The report contains even more bad news.
The serial numbers -- the last four digits -- can often be guessed using formulas and patterns, he said. It turns out that the Social Security Administration doesn't utilize true randomization to create serial numbers. For example, a graph plotting the numbers issued to Oregon residents in 1996, shown below, shows bands that cluster around certain numbers. In fact, there are five discernable lines. A truly random issue would show dots scattered throughout the chart.
With additional analysis, Acquisti said, the researchers were able to discern that the serial numbers are issued sequentially, in a way that ties them to the holder's birth date.
"The SSA believes that scheme is so complex that it's sufficiently random," he said. "We show it is way less random than apparently they believe." As a result, instead of a the four digits yielding a 1 in 10,000 chance in guessing SSNs, he said he can improve the odds to at least 1 in 1,000, and in some cases, far less than that.
The Social Security Administration seems to agree with Acquisti on this issue. In its statement to msnbc.com, the agency said that "for reasons unrelated to this report, the agency has been developing a system to randomly assign SSNs. This system will be in place next year."
Birth dates easy to obtain
For now, an attacker who wanted to guess someone's SSN would still need a birthday and hometown, but these data points are readily available from a number of sources. Many people volunteer such information on social networking sites like Facebook. Voter registration lists and other public databases also include such information, and it is often available for a small charge (or free) from data brokers that operate on the Internet.
There are additional challenges in guessing SSNs for residents born before 1988, because many older Americans did not receive a Social Security number at birth -- so their hometown and their Social Security number application zip code might differ. But beginning that year -- in a move ironically intended to combat fraud -- the Social Security Administration began forcing many families to order SSNs at birth, thereby eliminating one more element of chance for a would be SSN-guesser. It's far easier to guess SSNs for anyone born in 1988 or later, Acquisti said.

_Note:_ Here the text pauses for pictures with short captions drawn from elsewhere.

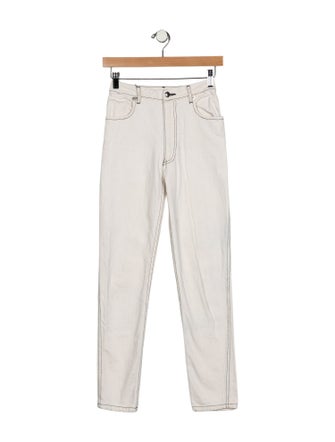 Eckhaus Latta High-Rise Straight Leg Jeans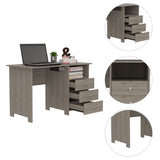 Bianco Writing Computer Desk, Three Drawers, One Shelf B200P188822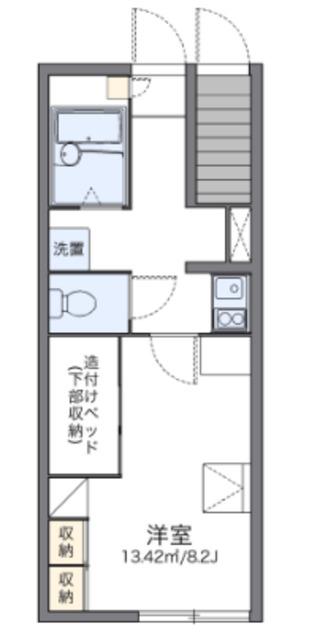 レオパレスHSI RIVERII(1K/1階)の間取り写真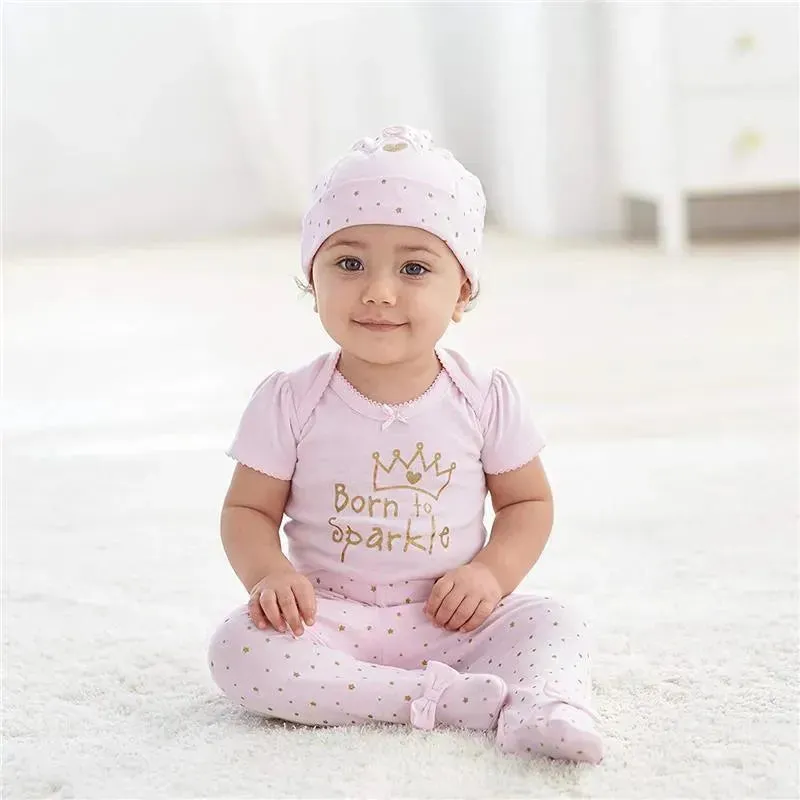 Gerber Baby Girls 4Pc Take Me Home set - Princess - Image 6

The formula for issuing the numbers is, in fact, not designed to withstand attacks from cryptography experts or mathematicians. It was invented in 1936 as a simple numbering system for paper file cabinets.
"This was before there were computers," Acquisti said. "SSNs were never designed for the purpose we use them."
The group is not disclosing the precise formula, because doing so would be akin to publishing the list of all Social Security numbers. But Acquisti said one "provocative" strategy that government officials might take: Setting a date in the future -- perhaps in three to five years -- where all SSNs are made public, so companies and government agencies stop using SSNs for security purposes.
He called current efforts to protect Social Security numbers from public view "well intentioned, but misguided."
The researchers recommend that the Social Security Administration immediately implement a much more random formula for generation SSNs. But that won't help the millions of Americans whose SSNs are now easily guessable. For that, there is only one answer, the report says:
"Industry and policy-makers may need, instead, to finally reassess our perilous reliance on SSNs for authentication and on consumers' impossible duty to protect them," it said.